Have you pulled your car off the road when you saw the Krispy Kreme Hot Donut sign? I have. Thanks to Jenny Field, I can share with you her recipe for copycat Krispy Kreme Glazed Donuts.
As a girl born and raised only about an hour and a half from the Krispy Kreme headquarters in Winston-Salem, North Carolina, I have been eating “Hot Doughnuts Now” since I can remember. For me, there is nothing quite like the smoosh when you bite into a fresh Krispy Kreme Glazed Doughnut. The way the glaze is almost invisible until you bite into it and it shatters into thin flakes of sweetness? Now that is the stuff of dreams.

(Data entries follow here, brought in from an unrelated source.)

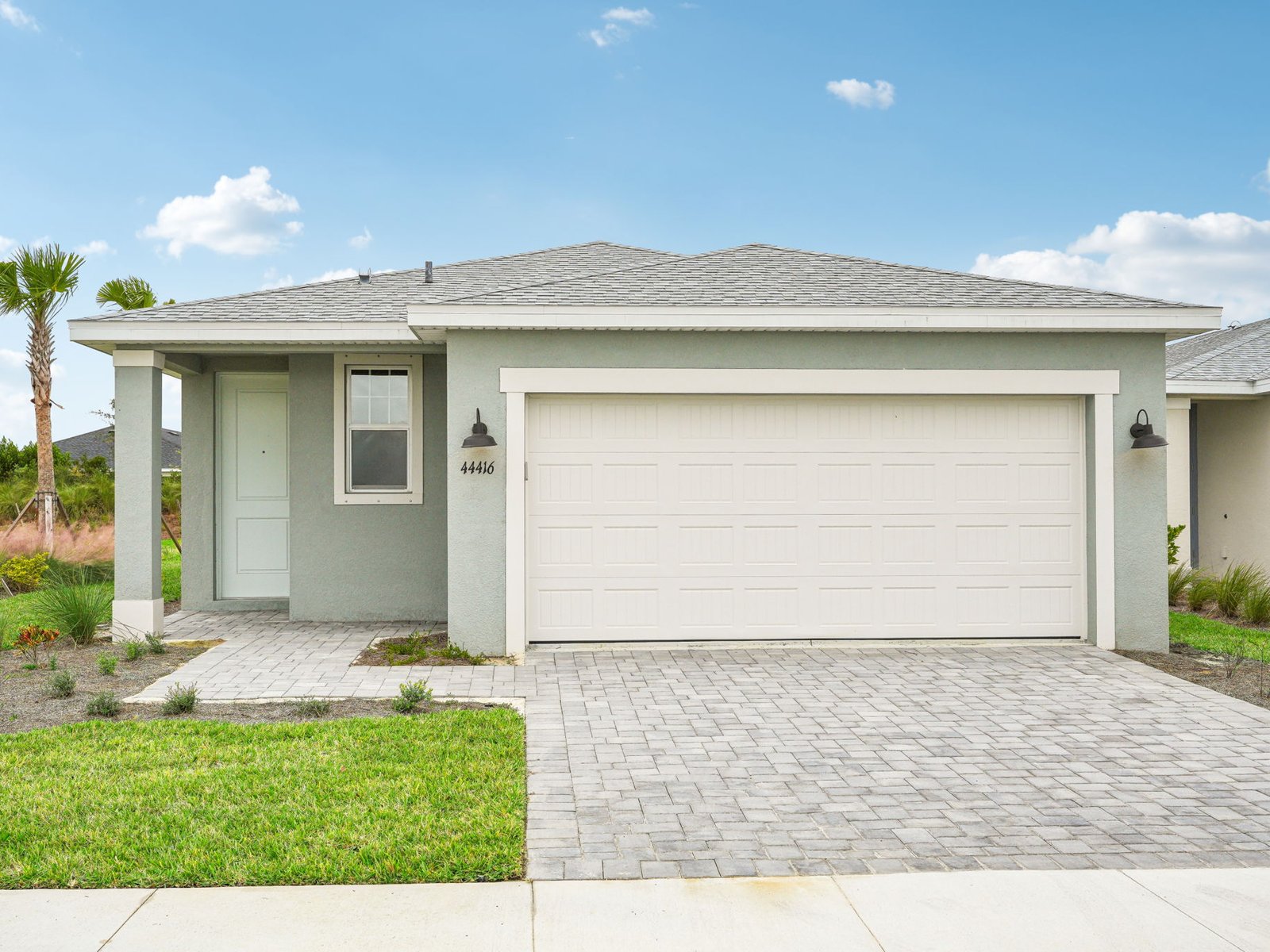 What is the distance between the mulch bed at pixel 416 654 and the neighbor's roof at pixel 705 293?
3125 mm

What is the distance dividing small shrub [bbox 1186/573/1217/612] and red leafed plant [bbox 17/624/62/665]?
12875 mm

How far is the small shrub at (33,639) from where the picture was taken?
8.66m

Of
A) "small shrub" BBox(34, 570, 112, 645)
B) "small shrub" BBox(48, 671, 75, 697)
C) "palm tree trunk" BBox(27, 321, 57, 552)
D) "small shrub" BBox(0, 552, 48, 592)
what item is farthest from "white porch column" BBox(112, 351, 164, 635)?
"palm tree trunk" BBox(27, 321, 57, 552)

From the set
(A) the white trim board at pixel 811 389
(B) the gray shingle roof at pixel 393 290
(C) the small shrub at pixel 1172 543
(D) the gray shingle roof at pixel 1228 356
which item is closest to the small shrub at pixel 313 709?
(A) the white trim board at pixel 811 389

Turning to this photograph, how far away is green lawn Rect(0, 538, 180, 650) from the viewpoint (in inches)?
361

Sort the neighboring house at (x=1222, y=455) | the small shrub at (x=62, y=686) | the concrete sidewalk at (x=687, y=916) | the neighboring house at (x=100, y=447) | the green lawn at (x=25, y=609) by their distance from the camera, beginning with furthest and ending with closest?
the neighboring house at (x=100, y=447)
the neighboring house at (x=1222, y=455)
the green lawn at (x=25, y=609)
the small shrub at (x=62, y=686)
the concrete sidewalk at (x=687, y=916)

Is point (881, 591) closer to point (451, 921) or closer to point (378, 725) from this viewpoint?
point (378, 725)

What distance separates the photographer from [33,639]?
8.76m

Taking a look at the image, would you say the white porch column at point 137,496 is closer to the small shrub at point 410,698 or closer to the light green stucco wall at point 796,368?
the light green stucco wall at point 796,368

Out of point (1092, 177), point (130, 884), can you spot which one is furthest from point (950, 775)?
point (1092, 177)

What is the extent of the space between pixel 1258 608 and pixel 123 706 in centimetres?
1152

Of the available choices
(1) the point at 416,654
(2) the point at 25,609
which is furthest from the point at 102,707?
(2) the point at 25,609

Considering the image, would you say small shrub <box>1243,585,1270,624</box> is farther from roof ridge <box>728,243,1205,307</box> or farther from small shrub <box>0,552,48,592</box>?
small shrub <box>0,552,48,592</box>

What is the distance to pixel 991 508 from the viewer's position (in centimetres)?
885
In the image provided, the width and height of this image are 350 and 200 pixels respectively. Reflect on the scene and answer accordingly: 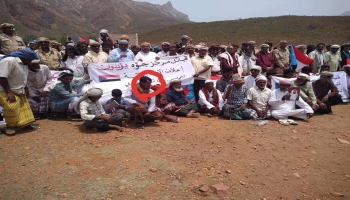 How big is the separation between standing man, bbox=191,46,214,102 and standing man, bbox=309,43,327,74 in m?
4.52

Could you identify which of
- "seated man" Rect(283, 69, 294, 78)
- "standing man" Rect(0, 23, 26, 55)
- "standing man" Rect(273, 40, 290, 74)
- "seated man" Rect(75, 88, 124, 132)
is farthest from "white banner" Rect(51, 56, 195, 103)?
"standing man" Rect(273, 40, 290, 74)

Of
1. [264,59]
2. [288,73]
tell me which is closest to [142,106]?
[288,73]

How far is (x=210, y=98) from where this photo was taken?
6762 mm

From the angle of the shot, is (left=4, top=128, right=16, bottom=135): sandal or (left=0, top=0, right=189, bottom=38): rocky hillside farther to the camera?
Answer: (left=0, top=0, right=189, bottom=38): rocky hillside

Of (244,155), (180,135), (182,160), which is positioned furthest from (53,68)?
(244,155)

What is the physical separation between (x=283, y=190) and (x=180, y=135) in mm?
2217

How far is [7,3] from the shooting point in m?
67.2

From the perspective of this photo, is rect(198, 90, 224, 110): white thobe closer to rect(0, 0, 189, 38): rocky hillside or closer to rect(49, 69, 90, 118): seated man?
rect(49, 69, 90, 118): seated man

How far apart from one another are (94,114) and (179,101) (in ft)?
7.23

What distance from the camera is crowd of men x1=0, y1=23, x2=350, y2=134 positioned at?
5.04m

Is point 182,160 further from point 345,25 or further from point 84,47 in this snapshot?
point 345,25

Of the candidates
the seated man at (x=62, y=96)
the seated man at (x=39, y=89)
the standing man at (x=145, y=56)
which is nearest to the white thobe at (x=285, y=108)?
the standing man at (x=145, y=56)

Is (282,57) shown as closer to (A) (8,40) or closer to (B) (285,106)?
(B) (285,106)

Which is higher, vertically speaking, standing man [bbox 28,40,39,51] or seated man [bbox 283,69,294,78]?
standing man [bbox 28,40,39,51] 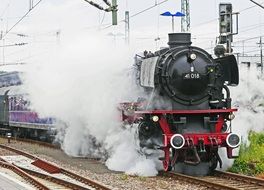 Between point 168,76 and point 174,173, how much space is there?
6.91 feet

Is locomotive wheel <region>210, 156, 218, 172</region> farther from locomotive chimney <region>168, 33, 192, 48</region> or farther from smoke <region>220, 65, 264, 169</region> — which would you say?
smoke <region>220, 65, 264, 169</region>

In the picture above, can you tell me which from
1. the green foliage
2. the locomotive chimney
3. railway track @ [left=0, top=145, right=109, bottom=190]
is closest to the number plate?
the locomotive chimney

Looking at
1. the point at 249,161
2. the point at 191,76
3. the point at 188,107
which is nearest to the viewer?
the point at 191,76

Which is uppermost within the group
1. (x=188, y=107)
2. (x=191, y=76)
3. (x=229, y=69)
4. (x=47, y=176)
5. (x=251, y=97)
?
(x=229, y=69)

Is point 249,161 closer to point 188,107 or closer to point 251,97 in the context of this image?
point 188,107

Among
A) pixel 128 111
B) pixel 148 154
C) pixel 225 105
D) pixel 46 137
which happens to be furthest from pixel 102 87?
pixel 46 137

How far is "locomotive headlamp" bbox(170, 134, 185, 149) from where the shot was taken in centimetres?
1089

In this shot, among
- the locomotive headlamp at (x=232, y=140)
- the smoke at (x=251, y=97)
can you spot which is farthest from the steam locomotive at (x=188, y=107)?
the smoke at (x=251, y=97)

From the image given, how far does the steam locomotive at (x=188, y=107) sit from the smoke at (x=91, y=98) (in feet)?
2.70

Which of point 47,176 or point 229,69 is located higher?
point 229,69

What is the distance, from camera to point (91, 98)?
1471 cm

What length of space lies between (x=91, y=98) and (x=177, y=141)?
436 cm

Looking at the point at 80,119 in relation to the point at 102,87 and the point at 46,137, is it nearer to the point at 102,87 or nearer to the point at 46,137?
Answer: the point at 102,87

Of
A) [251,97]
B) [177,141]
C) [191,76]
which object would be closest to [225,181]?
[177,141]
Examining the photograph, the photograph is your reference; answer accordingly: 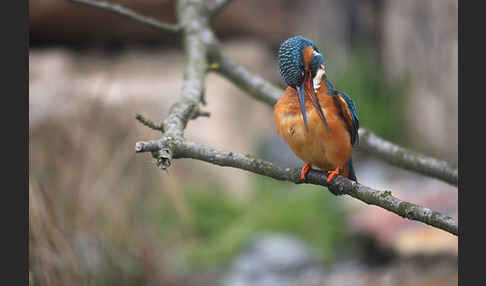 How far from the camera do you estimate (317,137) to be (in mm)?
1976

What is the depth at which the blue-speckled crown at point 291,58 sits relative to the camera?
1.59m

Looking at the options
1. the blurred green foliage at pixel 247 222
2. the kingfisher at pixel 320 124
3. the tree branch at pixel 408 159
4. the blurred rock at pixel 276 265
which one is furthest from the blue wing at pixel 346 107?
the blurred rock at pixel 276 265

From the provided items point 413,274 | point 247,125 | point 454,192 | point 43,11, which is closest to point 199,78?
point 413,274

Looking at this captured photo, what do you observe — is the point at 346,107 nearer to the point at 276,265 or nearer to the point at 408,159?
the point at 408,159

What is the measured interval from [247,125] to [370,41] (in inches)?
121

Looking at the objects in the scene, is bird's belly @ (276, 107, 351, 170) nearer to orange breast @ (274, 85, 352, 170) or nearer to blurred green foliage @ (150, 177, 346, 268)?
orange breast @ (274, 85, 352, 170)

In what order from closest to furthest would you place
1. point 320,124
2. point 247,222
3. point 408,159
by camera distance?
point 320,124 → point 408,159 → point 247,222

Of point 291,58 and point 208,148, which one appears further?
point 208,148

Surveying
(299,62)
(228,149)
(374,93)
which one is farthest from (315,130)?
(374,93)

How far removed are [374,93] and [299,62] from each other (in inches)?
253

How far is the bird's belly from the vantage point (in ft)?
6.40

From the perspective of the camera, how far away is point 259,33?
7641 mm

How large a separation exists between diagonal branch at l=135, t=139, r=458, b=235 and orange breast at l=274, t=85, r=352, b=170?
12 cm

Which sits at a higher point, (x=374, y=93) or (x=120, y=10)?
(x=374, y=93) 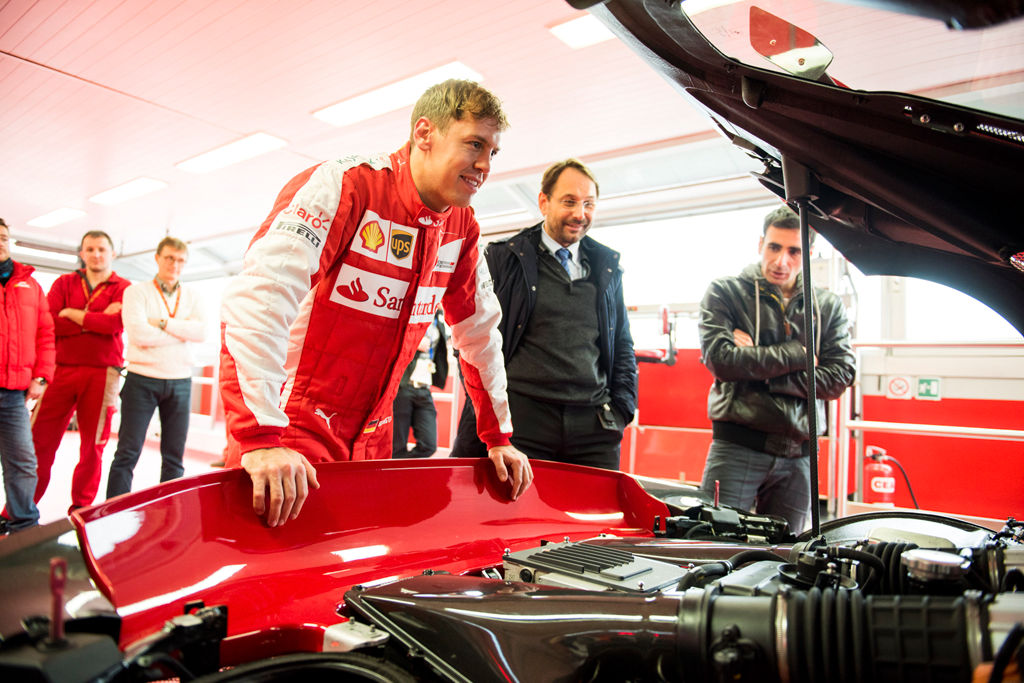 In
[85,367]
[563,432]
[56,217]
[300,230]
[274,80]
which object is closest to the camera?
[300,230]

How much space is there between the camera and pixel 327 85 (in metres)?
4.95

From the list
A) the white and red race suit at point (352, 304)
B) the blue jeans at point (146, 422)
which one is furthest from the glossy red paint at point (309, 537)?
the blue jeans at point (146, 422)

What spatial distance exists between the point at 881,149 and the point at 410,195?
959 mm

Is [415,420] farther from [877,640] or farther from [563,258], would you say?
[877,640]

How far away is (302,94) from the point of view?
16.8ft

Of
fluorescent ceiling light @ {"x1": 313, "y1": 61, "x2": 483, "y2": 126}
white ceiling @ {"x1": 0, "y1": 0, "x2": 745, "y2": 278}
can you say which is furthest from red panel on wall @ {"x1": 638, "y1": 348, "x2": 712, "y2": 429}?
fluorescent ceiling light @ {"x1": 313, "y1": 61, "x2": 483, "y2": 126}

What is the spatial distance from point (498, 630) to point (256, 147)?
21.3 feet

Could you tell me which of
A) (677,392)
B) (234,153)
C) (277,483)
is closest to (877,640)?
(277,483)

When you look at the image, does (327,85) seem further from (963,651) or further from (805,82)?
(963,651)

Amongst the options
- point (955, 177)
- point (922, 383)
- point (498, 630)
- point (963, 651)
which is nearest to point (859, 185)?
point (955, 177)

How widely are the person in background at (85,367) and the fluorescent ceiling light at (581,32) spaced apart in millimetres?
3259

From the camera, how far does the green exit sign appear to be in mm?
4281

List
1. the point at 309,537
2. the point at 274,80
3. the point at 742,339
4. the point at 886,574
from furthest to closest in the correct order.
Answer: the point at 274,80
the point at 742,339
the point at 309,537
the point at 886,574

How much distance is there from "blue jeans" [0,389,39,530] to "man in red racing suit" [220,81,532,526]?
9.46 feet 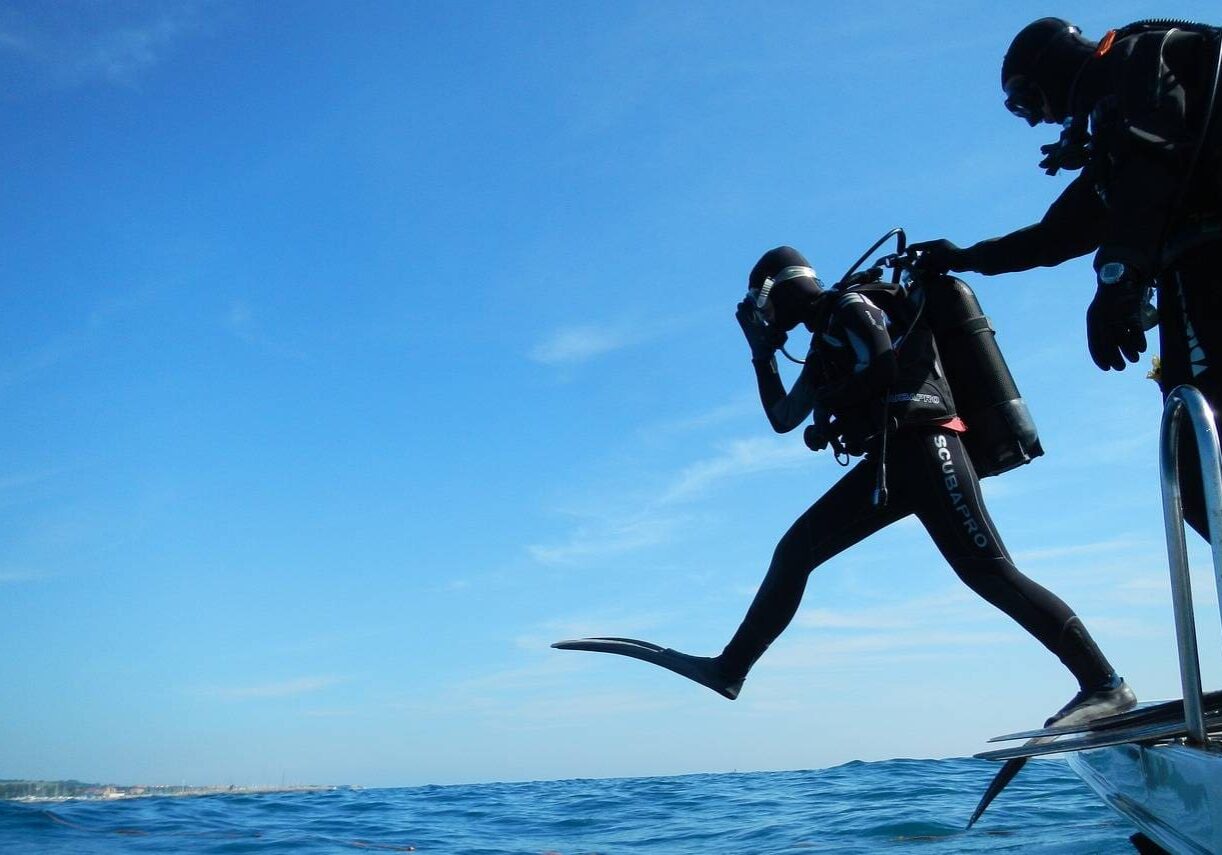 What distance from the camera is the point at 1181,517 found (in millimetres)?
1930

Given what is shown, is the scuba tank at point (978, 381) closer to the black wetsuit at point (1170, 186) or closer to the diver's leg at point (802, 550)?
the diver's leg at point (802, 550)

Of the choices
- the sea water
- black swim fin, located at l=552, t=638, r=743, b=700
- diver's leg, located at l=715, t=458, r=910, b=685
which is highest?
diver's leg, located at l=715, t=458, r=910, b=685

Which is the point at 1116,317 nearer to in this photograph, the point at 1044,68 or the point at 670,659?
the point at 1044,68

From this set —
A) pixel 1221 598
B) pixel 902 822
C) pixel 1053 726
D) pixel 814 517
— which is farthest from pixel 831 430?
pixel 902 822

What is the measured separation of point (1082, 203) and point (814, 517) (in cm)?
151

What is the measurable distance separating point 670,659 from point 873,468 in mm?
1228

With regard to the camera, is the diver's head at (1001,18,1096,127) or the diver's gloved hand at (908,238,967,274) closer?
the diver's head at (1001,18,1096,127)

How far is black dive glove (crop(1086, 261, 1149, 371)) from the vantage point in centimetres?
239

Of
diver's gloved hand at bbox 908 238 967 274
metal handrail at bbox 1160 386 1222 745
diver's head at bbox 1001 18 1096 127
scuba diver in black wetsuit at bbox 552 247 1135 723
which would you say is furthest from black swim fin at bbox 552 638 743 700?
diver's head at bbox 1001 18 1096 127

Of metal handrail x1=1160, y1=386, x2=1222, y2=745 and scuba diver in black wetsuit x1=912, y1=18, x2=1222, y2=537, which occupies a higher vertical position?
scuba diver in black wetsuit x1=912, y1=18, x2=1222, y2=537

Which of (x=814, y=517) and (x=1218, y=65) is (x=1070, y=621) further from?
(x=1218, y=65)

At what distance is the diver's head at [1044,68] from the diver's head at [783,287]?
1.14m

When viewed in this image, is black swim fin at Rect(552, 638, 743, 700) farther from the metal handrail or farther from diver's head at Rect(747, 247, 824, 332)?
the metal handrail

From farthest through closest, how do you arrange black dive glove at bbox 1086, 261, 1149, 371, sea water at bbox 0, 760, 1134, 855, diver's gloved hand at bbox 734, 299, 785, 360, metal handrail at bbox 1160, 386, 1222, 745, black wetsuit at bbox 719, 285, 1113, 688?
1. sea water at bbox 0, 760, 1134, 855
2. diver's gloved hand at bbox 734, 299, 785, 360
3. black wetsuit at bbox 719, 285, 1113, 688
4. black dive glove at bbox 1086, 261, 1149, 371
5. metal handrail at bbox 1160, 386, 1222, 745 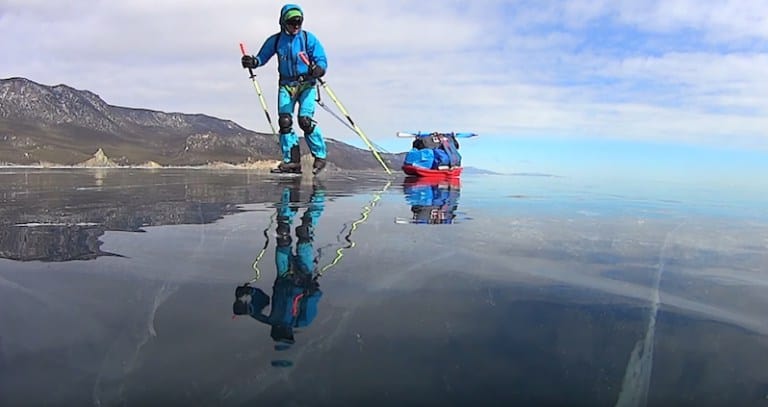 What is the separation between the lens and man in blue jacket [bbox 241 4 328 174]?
1153 cm

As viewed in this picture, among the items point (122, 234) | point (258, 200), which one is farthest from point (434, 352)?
point (258, 200)

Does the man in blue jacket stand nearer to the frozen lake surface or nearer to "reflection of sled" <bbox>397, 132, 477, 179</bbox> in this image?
"reflection of sled" <bbox>397, 132, 477, 179</bbox>

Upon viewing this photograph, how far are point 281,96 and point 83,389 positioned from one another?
10567mm

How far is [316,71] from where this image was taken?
37.5 feet

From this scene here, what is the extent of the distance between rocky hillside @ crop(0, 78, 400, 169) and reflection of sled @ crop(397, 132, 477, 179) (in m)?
69.9

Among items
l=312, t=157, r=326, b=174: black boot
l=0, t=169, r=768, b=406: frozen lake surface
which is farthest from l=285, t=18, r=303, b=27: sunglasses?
l=0, t=169, r=768, b=406: frozen lake surface

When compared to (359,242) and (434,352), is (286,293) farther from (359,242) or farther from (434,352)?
(359,242)

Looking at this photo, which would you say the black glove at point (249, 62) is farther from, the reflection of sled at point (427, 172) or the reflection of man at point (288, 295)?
the reflection of man at point (288, 295)

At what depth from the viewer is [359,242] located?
189 inches

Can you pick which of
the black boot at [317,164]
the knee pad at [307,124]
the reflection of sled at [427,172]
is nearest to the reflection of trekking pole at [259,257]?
the knee pad at [307,124]

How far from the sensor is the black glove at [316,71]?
11.4 metres

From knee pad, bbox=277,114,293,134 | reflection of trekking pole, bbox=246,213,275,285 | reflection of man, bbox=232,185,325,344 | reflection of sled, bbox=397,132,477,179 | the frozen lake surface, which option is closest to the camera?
the frozen lake surface

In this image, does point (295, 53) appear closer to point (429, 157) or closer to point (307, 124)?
point (307, 124)

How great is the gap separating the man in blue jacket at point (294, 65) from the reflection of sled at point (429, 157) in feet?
16.2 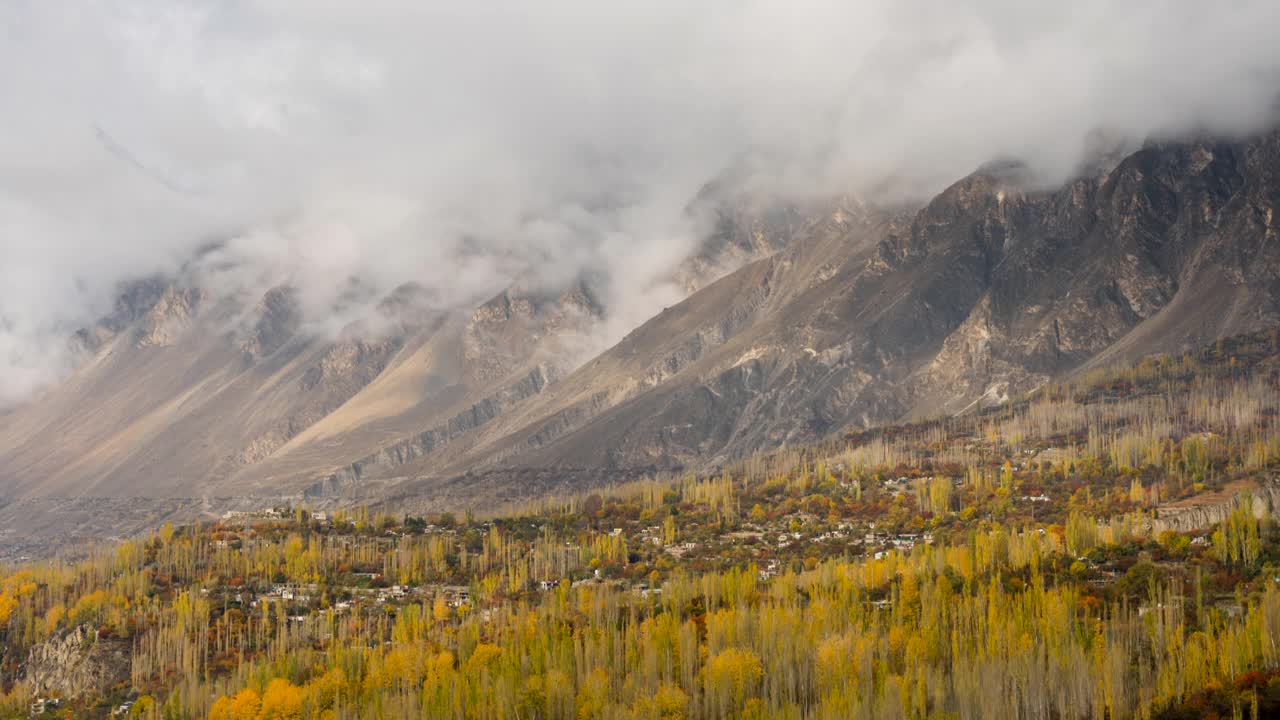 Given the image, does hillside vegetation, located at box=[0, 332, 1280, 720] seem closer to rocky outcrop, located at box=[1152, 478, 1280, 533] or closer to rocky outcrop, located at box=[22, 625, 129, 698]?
rocky outcrop, located at box=[22, 625, 129, 698]

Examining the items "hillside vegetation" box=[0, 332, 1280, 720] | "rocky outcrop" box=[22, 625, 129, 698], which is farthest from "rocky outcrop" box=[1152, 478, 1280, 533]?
"rocky outcrop" box=[22, 625, 129, 698]

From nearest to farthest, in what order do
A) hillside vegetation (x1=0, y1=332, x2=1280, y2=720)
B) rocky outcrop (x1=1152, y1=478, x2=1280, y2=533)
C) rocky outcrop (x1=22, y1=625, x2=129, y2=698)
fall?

I made a couple of different versions of this recipe before settling on the following recipe. The all purpose flour gives just the right balance of tenderness and chewiness. As usual, I patterned this recipe on the ingredient list from the Krispy Kreme website. The doughnuts don’t contain butter, so I used oil to stay as true to the original as possible. I won’t tell, though, if you decide to use some melted butter for some or
all of the oil called for in the recipe.
The measurements are pretty precise, so I urge you to buy and use a kitchen scale. I have also provided approximate cup measurements, although they will not yield truly consistent results. You will need a stand mixer to make this dough as it is very soft and sticky and requires a long kneading time.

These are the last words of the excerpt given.